I for one prefer the Amiga version, because that's what I played back in the day. The Amiga supported 32 colors (without tricks like EHB and HAM) in 320x200/240 mode, so only twice as much as EGA, but they could be picked freely from a palette of 4096 colors, so IMHO it looked much better than the EGA version with its fixed 16 colors. But if you look at screenshots (https://scummbar.com/game/the-secret-of-monkey-island/versio...) it's obvious that they really put in a lot of work, with custom assets which fully used the capabilities of the various platforms. Of course, the higher the limitations, the more artistry was needed to make it look reasonably good, but I don't think that should be held against the "higher-color" versions...
For a game like that, while I agree with the Amiga version looks good, frankly the Amiga port still feels like a good example of why there were lots of complaints about "lazy" ports for the Amiga that didn't take proper advantage of what it could do.
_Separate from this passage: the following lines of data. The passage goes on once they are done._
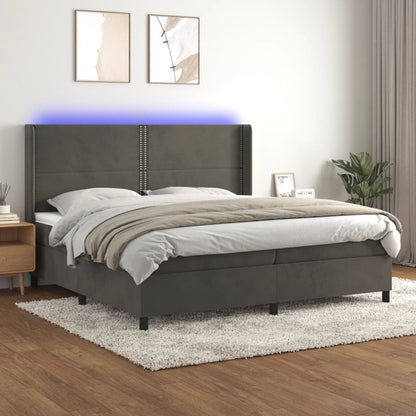 Letto a Molle con Materasso e LED Grigio Scuro 200x200 cm | homemem39
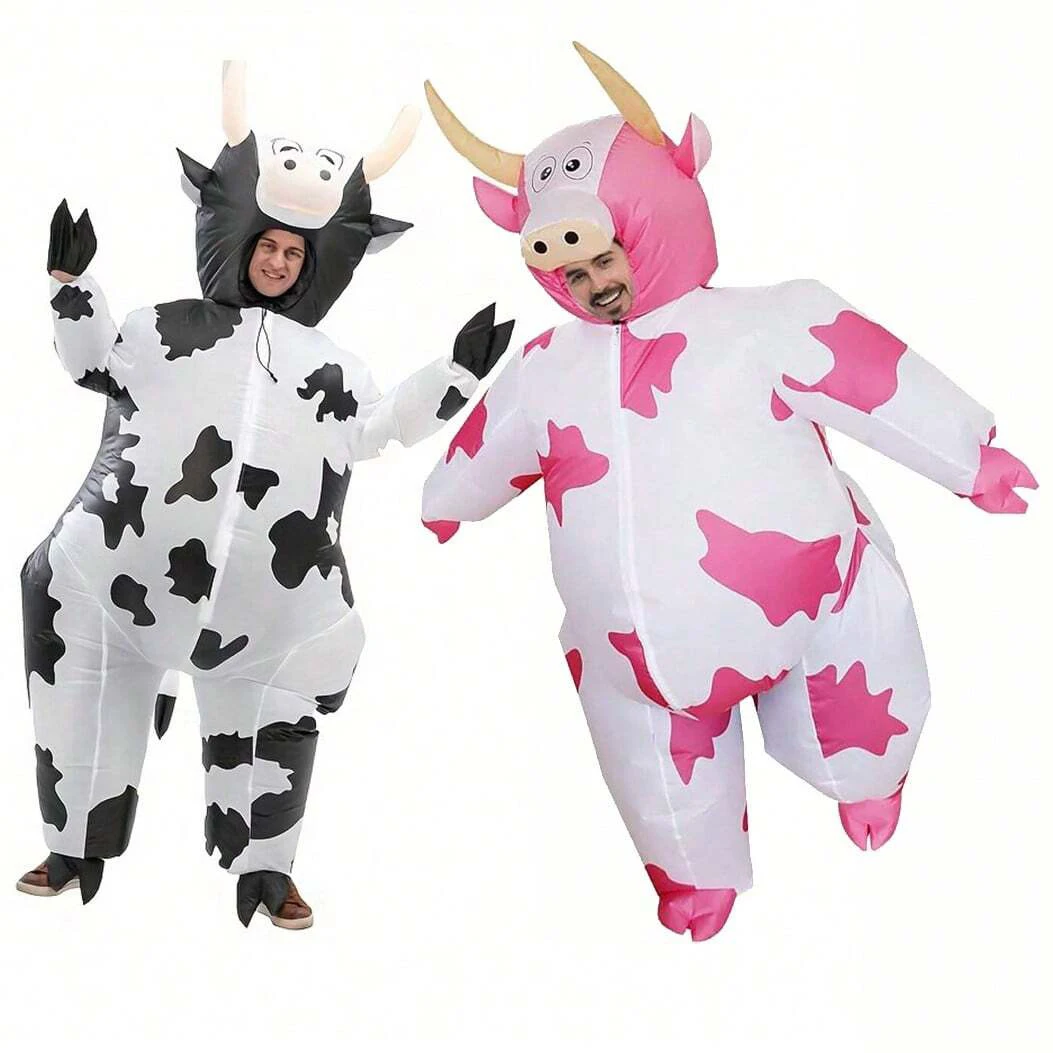 Inflatable Cow Costume Adult, Full Body Cow Costume, Fancy Funny Cow Costumes Christmas Halloween Blow up Costumes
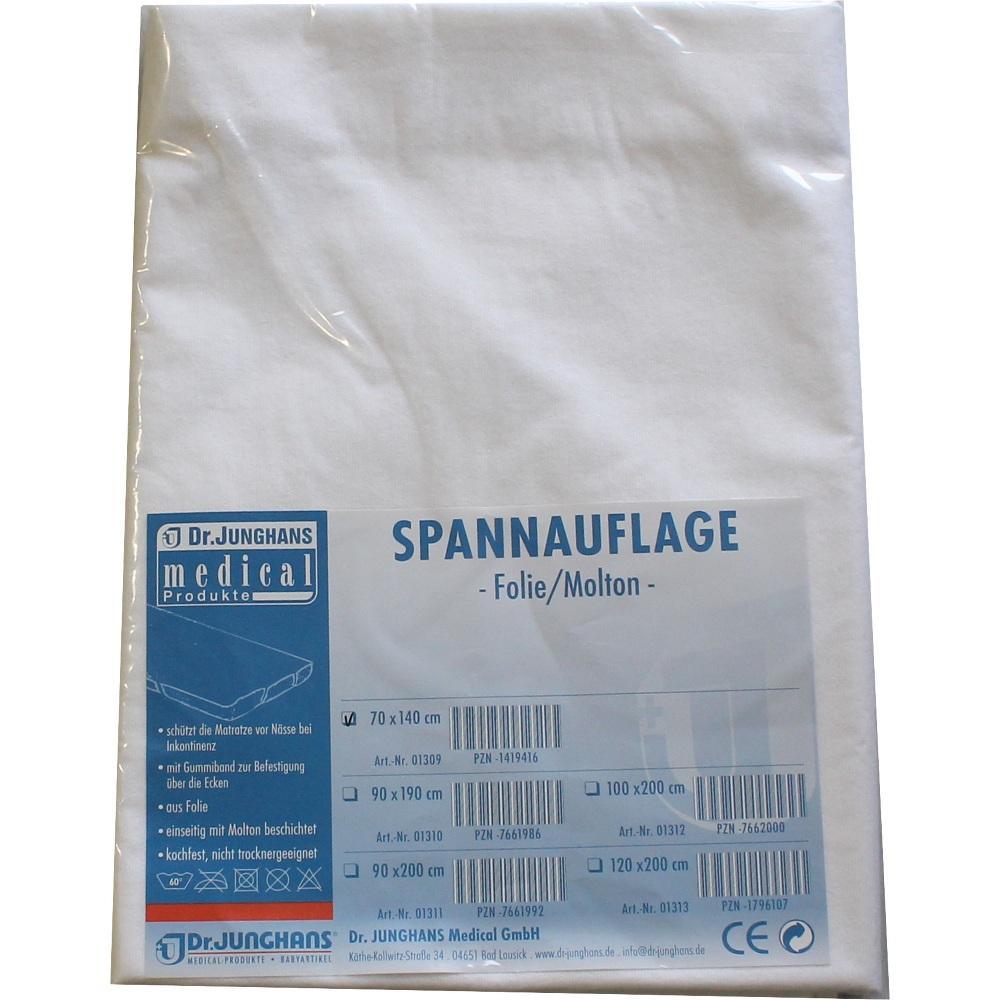 Verpackte Spannauflage aus wei&szlig;em Stoff mit Produktinformationen auf einem blauen Etikett.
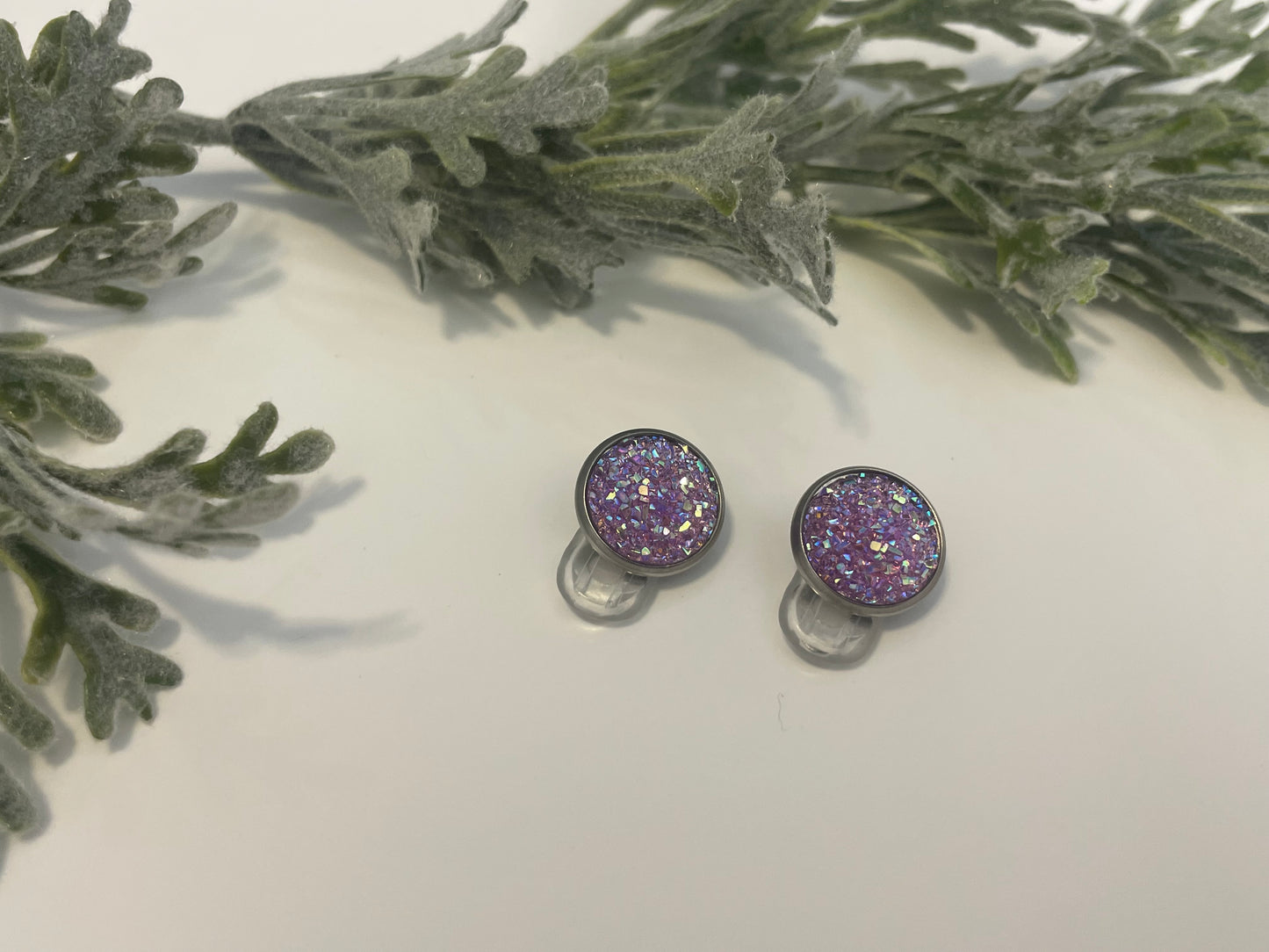 Druzy Clip On Earrings - Stainless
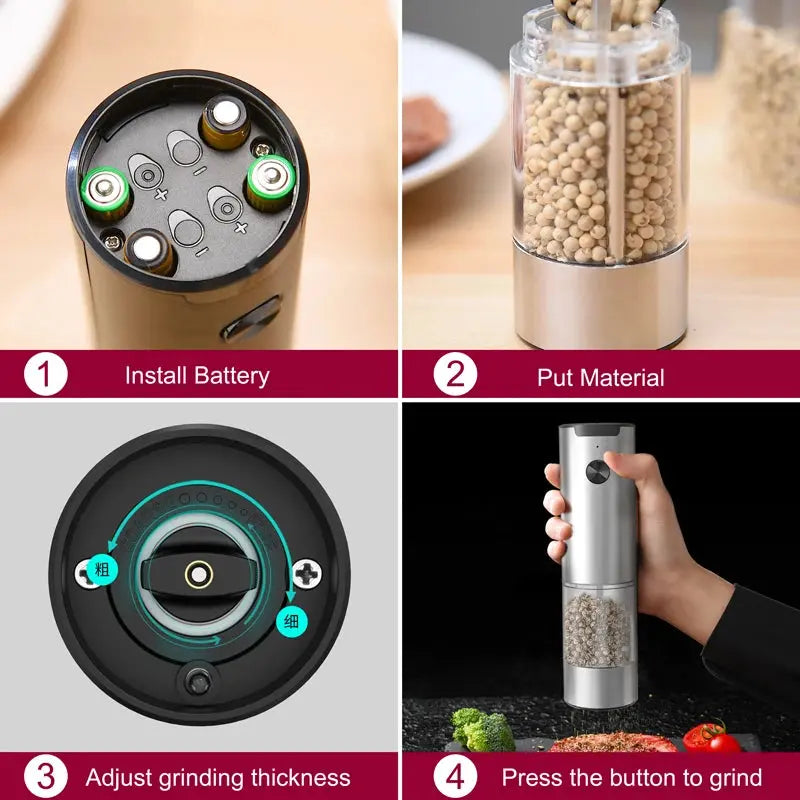 Electric Salt & Pepper Grinder – Adjustable, Refillable, Battery-Powered SMARTGLO COLLECTIONS Home & Kitchen  SMARTGLO COLLECTIONS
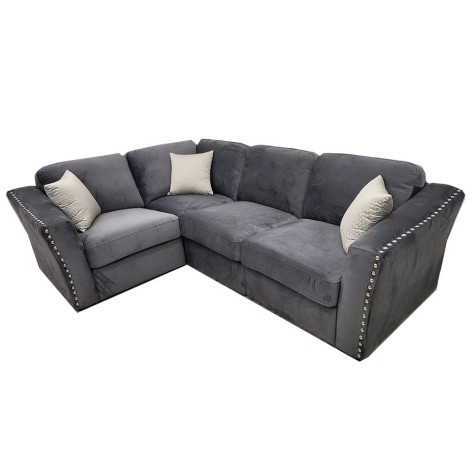 Lincoln - Pebble Grey - Velvet Upholstered - 4 Piece Corner Sofa - Stud Detailing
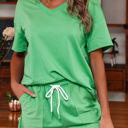  HIDDEN GEMS | Patchwork V-Neck Tee and Shorts Set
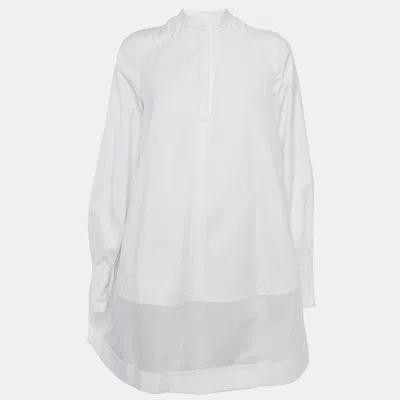 Pre-owned Valentino Le Blanc White Cotton Tie Detail Mini Dress S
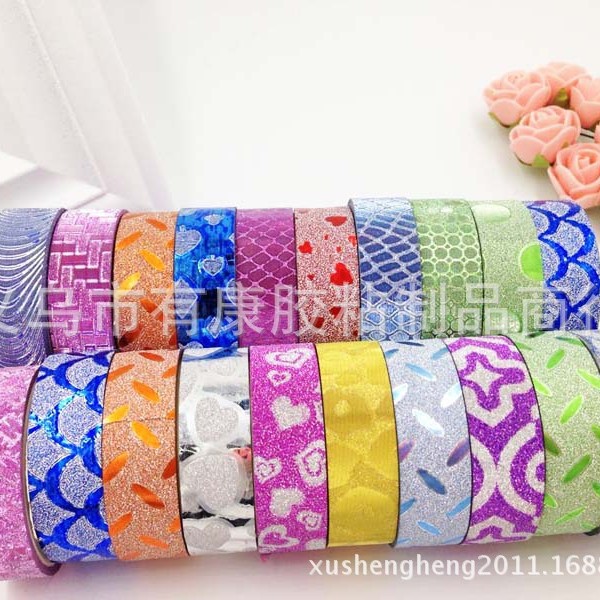 Amazon transfronterizo creativo DIY polvo de oro cinta decorativa exquisito Arco Iris brillo cinta decorativa álbum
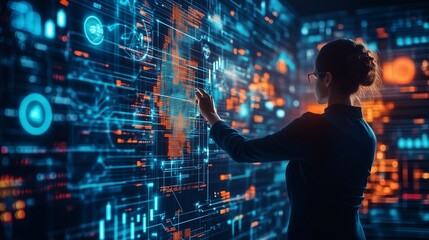 Poster - a woman interacts with a futuristic digital interface showcasing data visualizations and analytics i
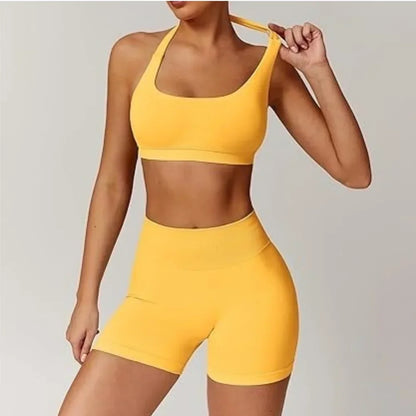 Women's Gym Solid Color Sports Bra Sexy Tight Fitting Backless Seamless with Chest Cushion Vest Exercise Yoga Camisole Top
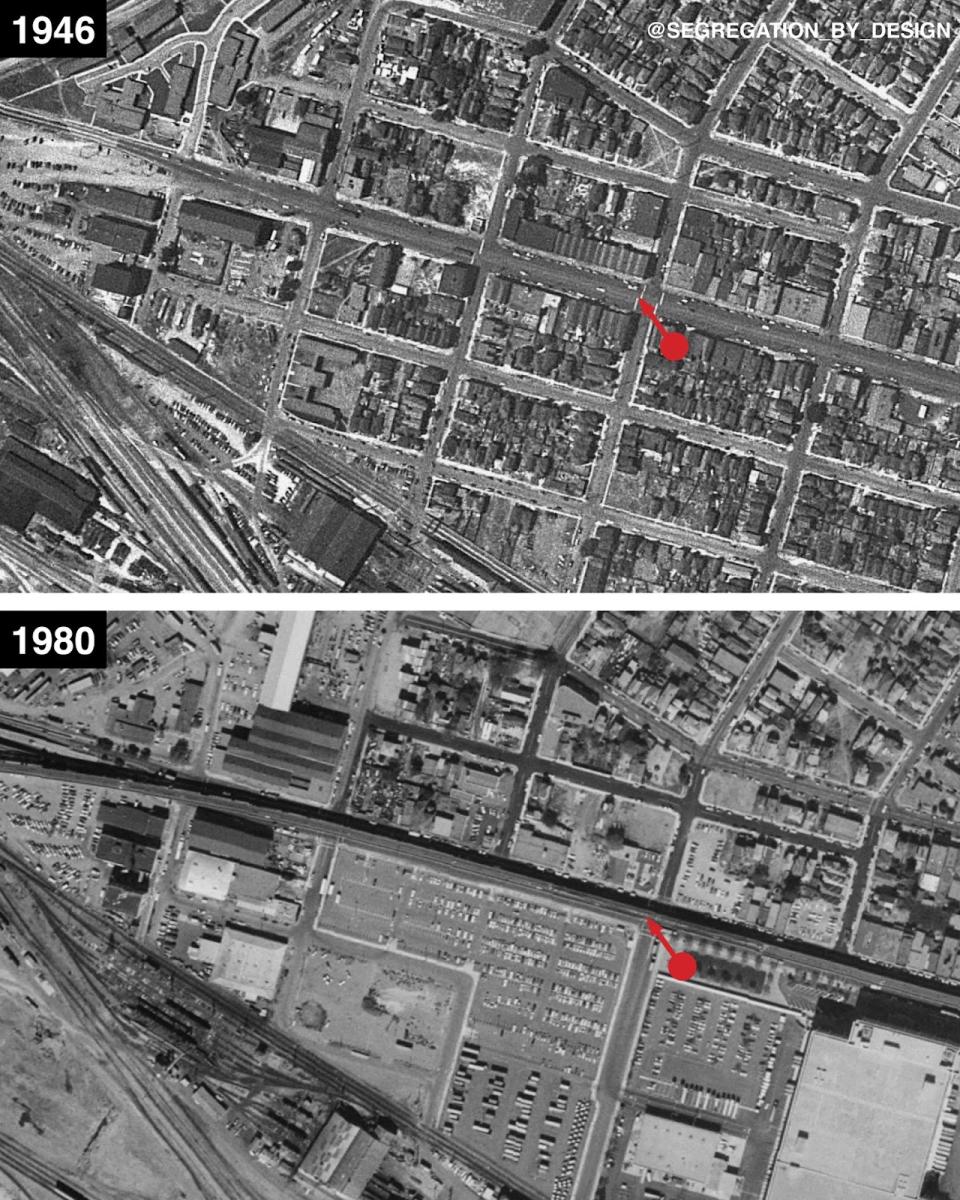 Oakland lost dozens of Black households to the Cypress Freeway. By the time the city attempted to address the issue in the 1990s, it was too late. (Courtesy of Adam Paul Susaneck and Segregation by Design)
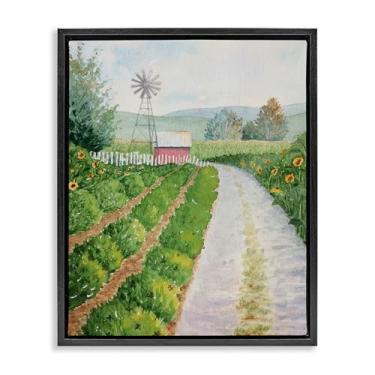 Imagem de Stupell Industries Arte de parede em tela flutuante com moldura preta Tranquil Farm Path, design de Stephanie Fielden, 25 x 31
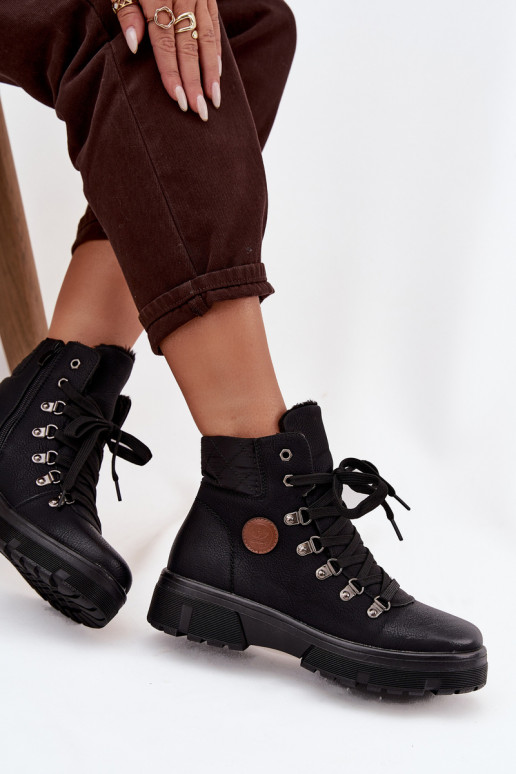 bottes isolées pour femmes noires avec plateforme Zaraine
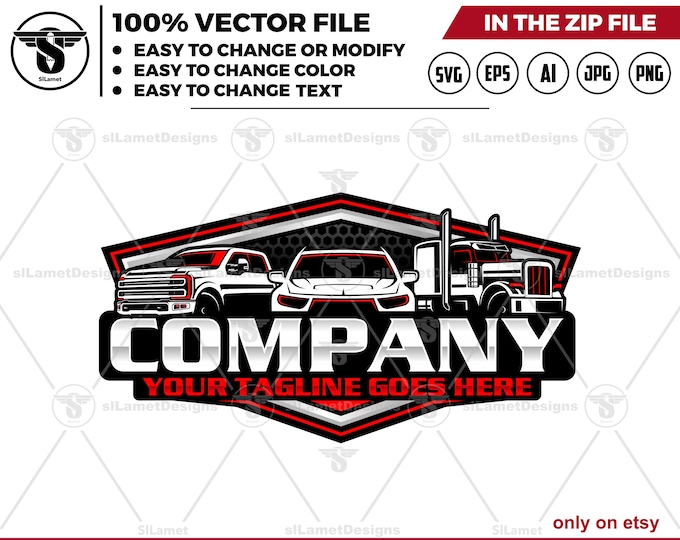 pickup, semi truck and car logo - Pickup Truck Logo - Semi Truck Logo - Car Logo Design - Vehicle Fleet Branding - Transport & Auto Icon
For a relatively static display like that EHB would've not been a problem, and the amount of gradual changes would've made it easy to exploit in the palette. Using the copper to modify the palette a few places would've also allowed for more, and switching to 640x200 below the graphics to make the text smoother would've been outright trivial. Even HAM might've been reasonably feasible.
I was going to say this. I never liked the 256-color VGA game (and now comparing, it does look bland) but Amiga struck the best, IMHO, balance between good hand-crafted pixel art but with realistic enough colors to give sufficient depth and athmosphere in the scene.